(Provided data):
-*-*-

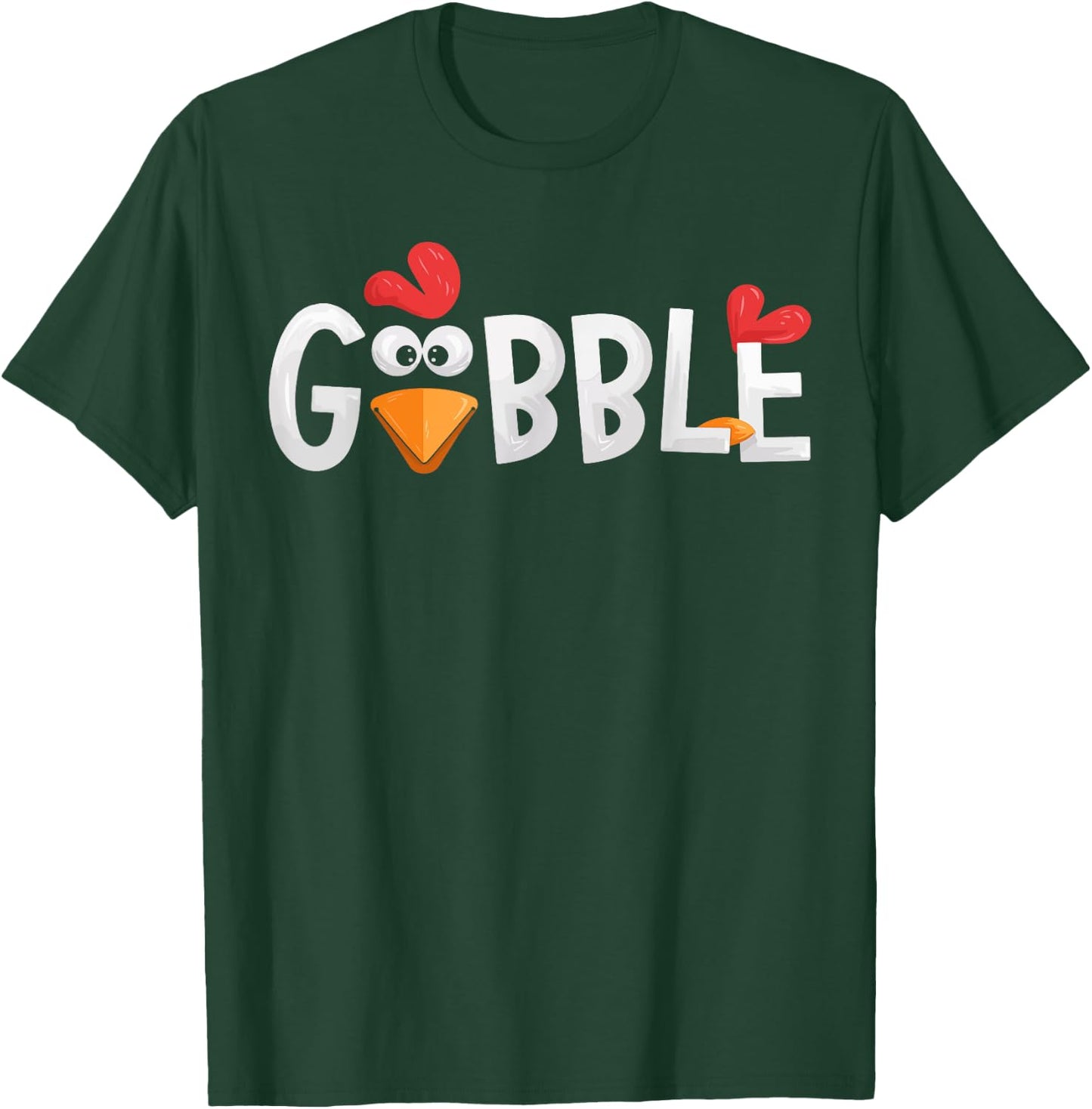 Blazin27 Gobble Gobble - Adult Thanksgiving-themed - Black - Small - - Short Sleeve T-Shirt - T-Shirt | Forest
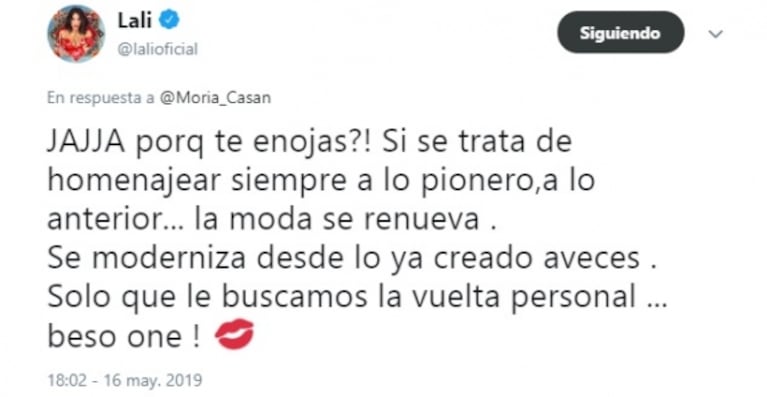 La reacción de Lali Espósito tras la picante publicación de Moria Casán... ¿acusando a la cantante de plagio?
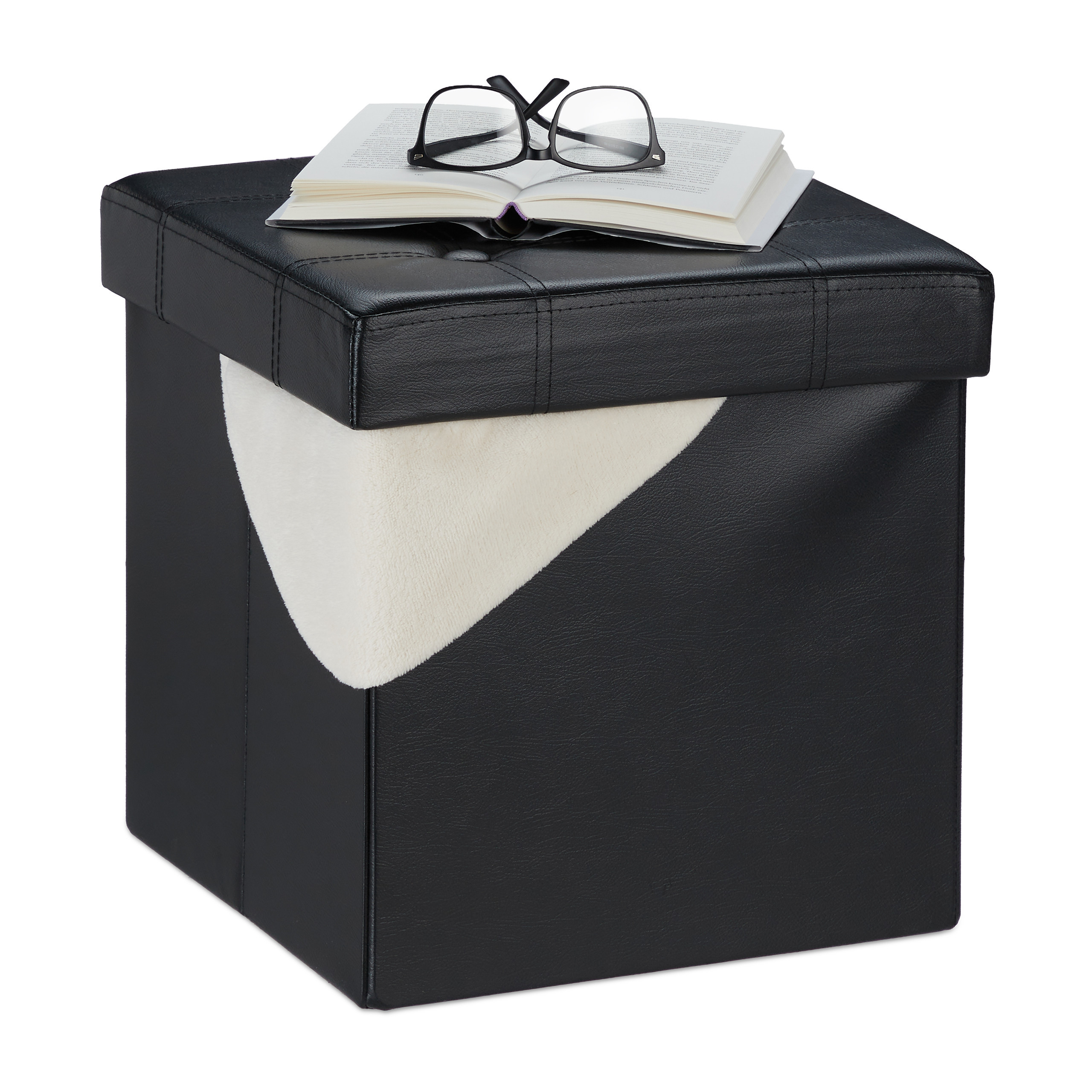 Black Stool - (w)37 X (h)38 X (d)37 Cm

-*-*-

(Brief):
Without the pictures, print the whole listing exactly as given.

(Problem solution):
 Blazin27 Gobble Gobble - Adult Thanksgiving-themed - Black - Small - - Short Sleeve T-Shirt - T-Shirt | Forest
 La reacción de Lali Espósito tras la picante publicación de Moria Casán... ¿acusando a la cantante de plagio?
 Black Stool - (w)37 X (h)38 X (d)37 Cm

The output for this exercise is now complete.